The party, including the Hillary Clinton and Barack Obama campaigns, tried to reach moderate evangelicals in 2008, but eventually concluded it was a lost cause, Silk says.
By the 2012 election, one in four Obama voters had no religious affiliation. And among Democrats today, Silk says, “political language is much less religious than it was eight years ago.”
Democratic front-runner Clinton has a solid religious backstory — mainline Methodist who was in the youth group of her parish in suburban Chicago. She has participated in a Washington prayer group and has sometimes carried a Bible with her.
Clinton has talked publicly about her faith, although she once said that it “doesn’t come naturally to me.” But in her big campaign launch speech last week, aside from a reference to “our God-given potential” and the obligatory “God Bless America!” the Almighty was absent.
Politically, it may not matter all that much to a Democrat. White Christians accounted for only 39 percent of Obama voters, compared with 81 percent of Mitt Romney’s.
For Republicans, the question is how much more the conservative evangelical vote — already high — can be mobilized. Enough, Head replies, so the rise of the nones shouldn’t matter: “Whether you’re fishing in an ocean of 100 million Christians or 85 million, you still only need another 3 or 4 million” to elect a president.
So is America a Christian nation? Obama weighed in on the subject in 2006: “We are no longer a Christian nation — at least, not just.

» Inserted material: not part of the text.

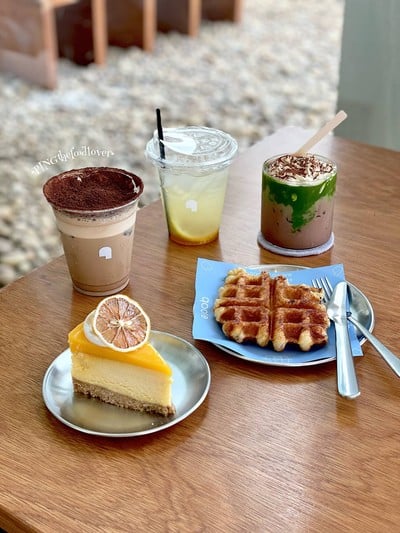 อาหาร หรือ เครื่องดื่ม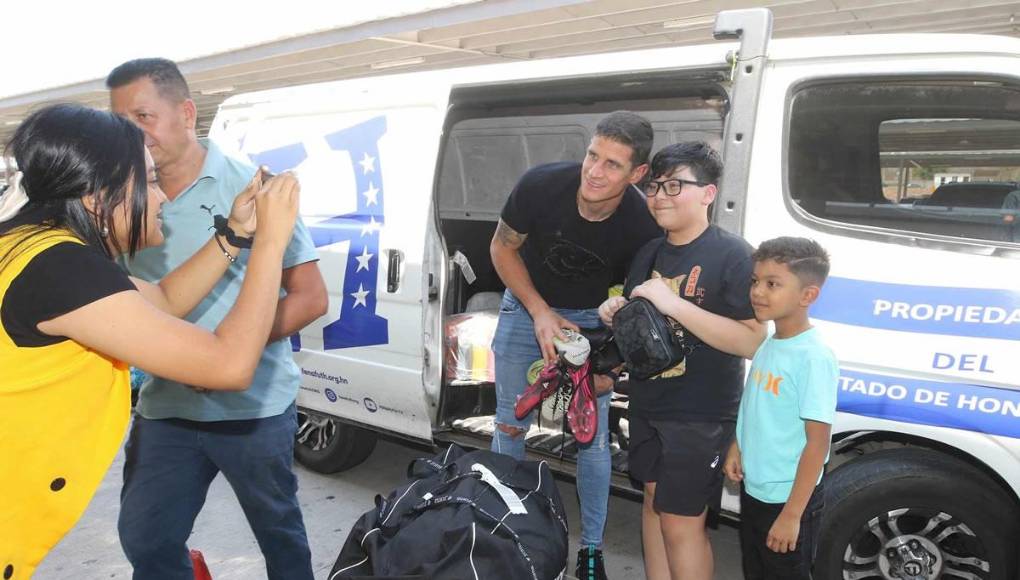 En su mayoría, eran niños lo que le pedían al portero argentino nacionalizado hondureño sacarse una fotografía.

We are also a Jewish nation, a Muslim nation, a Buddhist nation, and a Hindu nation and a nation of non-believers.”
That shout-out to nones notwithstanding, neither party is likely to overtly court atheists, agnostics or unaffiliateds for the time being, says Molly Worthen, a University of North Carolina historian of religion. But their rise is influencing the political debate.
Worthen says that although religious fervor has gone up and down in America — more people attend church now than in 1776 — the nones are no fad.
“Look at Western Europe,” she says, where atheists and agnostics — including French President Francois Hollande — have won national elections. Sooner or later, ”that’s where we’re headed.”